Pulling

The smell of open water

May 25, 2012 Comments (0) journal

24 Hours in Port Angeles

Type 6 debris

Steve and I went up to PA earlier this week for a couple of days worth of presentations and workshops related to the incoming tsunami debris. The featured speaker was Dr. Curtis Ebbesmeyer, the man who literally wrote the book on the science of ocean currents and the way that flotsam travels across the sea. It goes without saying that we learned a lot, and we also were able to put our effort into perspective as well.

We have been in the company of giants lately, at least as relates to science. I feel like we’ve been rubbing elbows with people who are smarter than I am, better educated and more capable than me. It’s not just the number of letters and acronyms after their names; it’s more of a sense that I get that they have an understanding of processes that I am just slouching toward. While I have no trouble envisioning what I hope to get by talking with them, it’s been harder for me to see any benefit they might have of associating with me (or the others of my ilk.)

Dr Ebbesmeyer

But I think I get that now. Although these folks may be the ones who stayed home on Saturday night to get their physics homework done (as opposed to me), the three of us do have something of our own to contribute to the effort to understand and deal with the incoming tsunami debris. Steve, Kiwi and I have done our Doctoral work in kayaking and now, more than ever before, it is time for all those lessons to pay off. We will be going to places where very few people go, ever, and we’ll be able to see things, count things and photograph things that would otherwise slip anonymously into the ether. That this project is a two-way street between the Ikkatsu paddlers and the advisory element of the team is a pleasant discovery. For me, anyway.

The workshop covered a lot of territory: The main mass of debris should start showing up in October.

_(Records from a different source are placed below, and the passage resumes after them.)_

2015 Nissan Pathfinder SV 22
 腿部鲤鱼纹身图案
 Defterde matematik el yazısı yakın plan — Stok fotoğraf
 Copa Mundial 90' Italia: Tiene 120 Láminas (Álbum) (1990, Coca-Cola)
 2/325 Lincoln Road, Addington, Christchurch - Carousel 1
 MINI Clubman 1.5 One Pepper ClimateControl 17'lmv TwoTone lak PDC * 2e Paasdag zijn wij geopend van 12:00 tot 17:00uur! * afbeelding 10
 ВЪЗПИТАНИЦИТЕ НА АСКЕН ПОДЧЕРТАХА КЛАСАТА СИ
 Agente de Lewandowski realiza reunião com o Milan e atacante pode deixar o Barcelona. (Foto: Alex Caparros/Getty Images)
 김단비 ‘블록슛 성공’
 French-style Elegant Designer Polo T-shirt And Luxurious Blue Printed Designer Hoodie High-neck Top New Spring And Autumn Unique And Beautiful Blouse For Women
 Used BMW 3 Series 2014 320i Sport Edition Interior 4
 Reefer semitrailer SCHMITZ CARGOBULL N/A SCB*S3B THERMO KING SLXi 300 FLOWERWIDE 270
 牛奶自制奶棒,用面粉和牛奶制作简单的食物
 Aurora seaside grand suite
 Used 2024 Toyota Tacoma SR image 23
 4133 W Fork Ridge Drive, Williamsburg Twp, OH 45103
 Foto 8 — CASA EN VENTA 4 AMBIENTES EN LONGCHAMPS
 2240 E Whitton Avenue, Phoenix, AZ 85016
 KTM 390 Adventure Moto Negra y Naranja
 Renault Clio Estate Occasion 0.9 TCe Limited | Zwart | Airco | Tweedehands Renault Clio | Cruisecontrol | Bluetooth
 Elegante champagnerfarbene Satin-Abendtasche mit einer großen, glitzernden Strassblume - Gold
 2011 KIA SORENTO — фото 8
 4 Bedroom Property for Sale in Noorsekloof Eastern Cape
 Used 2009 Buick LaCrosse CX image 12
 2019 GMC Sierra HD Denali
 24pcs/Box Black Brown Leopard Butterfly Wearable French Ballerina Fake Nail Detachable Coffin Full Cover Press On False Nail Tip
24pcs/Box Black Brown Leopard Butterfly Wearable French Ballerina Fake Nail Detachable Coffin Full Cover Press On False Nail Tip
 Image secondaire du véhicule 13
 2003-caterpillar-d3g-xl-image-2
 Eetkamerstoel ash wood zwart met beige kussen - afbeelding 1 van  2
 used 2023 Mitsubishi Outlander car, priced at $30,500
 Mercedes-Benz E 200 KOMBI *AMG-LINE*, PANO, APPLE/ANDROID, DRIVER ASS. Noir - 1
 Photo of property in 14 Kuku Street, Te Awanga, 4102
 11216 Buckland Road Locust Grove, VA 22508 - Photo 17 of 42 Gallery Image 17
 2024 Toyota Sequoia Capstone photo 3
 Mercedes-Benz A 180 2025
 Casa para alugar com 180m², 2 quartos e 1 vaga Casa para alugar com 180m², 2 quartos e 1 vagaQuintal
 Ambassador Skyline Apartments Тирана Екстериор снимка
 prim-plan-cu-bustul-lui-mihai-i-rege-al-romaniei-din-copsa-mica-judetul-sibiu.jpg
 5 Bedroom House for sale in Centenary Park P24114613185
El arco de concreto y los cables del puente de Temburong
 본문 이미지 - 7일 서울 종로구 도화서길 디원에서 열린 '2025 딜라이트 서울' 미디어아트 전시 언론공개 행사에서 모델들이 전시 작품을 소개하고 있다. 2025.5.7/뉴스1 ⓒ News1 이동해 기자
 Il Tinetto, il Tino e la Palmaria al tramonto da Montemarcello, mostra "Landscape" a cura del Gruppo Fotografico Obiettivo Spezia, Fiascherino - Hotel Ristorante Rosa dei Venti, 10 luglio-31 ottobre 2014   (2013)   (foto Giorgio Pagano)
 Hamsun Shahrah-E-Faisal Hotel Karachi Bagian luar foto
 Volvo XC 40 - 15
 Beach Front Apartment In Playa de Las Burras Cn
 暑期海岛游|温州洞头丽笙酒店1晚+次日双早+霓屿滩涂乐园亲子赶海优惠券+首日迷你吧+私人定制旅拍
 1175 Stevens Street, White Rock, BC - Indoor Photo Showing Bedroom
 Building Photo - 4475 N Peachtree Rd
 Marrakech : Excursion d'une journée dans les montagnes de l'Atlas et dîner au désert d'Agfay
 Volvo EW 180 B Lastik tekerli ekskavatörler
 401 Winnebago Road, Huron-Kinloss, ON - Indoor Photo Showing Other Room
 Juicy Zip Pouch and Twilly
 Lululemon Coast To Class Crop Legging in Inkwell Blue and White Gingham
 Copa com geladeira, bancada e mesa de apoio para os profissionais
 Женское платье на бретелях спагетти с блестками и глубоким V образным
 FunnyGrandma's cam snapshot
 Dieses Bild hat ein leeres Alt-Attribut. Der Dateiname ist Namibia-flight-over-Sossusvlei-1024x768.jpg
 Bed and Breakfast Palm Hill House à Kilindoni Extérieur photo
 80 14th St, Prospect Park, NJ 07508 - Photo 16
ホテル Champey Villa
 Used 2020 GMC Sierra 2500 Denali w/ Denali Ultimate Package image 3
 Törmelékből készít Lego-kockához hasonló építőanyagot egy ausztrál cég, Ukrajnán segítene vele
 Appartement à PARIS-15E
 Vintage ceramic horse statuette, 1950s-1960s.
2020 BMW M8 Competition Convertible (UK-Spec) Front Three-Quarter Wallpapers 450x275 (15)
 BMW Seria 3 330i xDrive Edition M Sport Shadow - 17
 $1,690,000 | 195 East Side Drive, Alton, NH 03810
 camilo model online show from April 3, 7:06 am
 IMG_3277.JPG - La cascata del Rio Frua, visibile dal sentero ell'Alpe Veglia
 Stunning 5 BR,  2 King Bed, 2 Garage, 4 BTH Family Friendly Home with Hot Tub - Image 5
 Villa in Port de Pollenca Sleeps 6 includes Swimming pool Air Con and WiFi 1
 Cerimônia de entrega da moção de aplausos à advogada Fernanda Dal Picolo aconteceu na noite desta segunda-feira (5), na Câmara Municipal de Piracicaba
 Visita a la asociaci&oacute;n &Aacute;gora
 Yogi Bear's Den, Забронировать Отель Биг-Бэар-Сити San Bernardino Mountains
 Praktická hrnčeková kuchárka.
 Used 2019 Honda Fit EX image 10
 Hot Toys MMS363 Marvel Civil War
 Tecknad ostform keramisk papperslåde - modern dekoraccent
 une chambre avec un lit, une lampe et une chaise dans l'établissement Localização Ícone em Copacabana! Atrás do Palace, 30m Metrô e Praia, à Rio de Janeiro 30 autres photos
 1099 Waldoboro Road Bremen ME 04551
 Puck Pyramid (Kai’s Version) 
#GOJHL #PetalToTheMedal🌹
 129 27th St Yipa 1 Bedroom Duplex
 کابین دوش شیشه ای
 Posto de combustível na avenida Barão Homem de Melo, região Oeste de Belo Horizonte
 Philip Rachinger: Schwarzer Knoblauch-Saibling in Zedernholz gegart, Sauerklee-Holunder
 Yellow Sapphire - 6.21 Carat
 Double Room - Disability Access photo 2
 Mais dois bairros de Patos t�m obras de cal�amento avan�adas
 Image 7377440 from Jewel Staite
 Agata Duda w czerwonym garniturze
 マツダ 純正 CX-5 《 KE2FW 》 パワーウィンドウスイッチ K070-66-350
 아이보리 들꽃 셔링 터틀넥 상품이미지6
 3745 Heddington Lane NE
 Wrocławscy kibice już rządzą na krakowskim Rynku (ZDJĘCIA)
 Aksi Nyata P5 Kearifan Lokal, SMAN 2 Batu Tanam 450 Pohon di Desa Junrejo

There could be hundreds of thousands of glass floats among the other flotsam (this could be my year to find one!) 74% of debris will hit shore at a mere 10% of the beaches, if past results are any indication. Curt is fairly sure that the return of personal items – soccer balls, motorcycles and even human remains – will happen hundreds, perhaps thousands of times in the next year or two.

For me, the whole thing just served to reinforce what I already am finding to be true: this may be a big ocean, but it’s a small planet.

(Thanks to the Clallam MRC, Surfrider Foundation – Peninsula Chapter, Coastal Watershed Institute and the Landing Mall in Port Angeles for helping put this week’s seminars and workshops together. As with everything else that is working about this effort, it is a team undertaking.)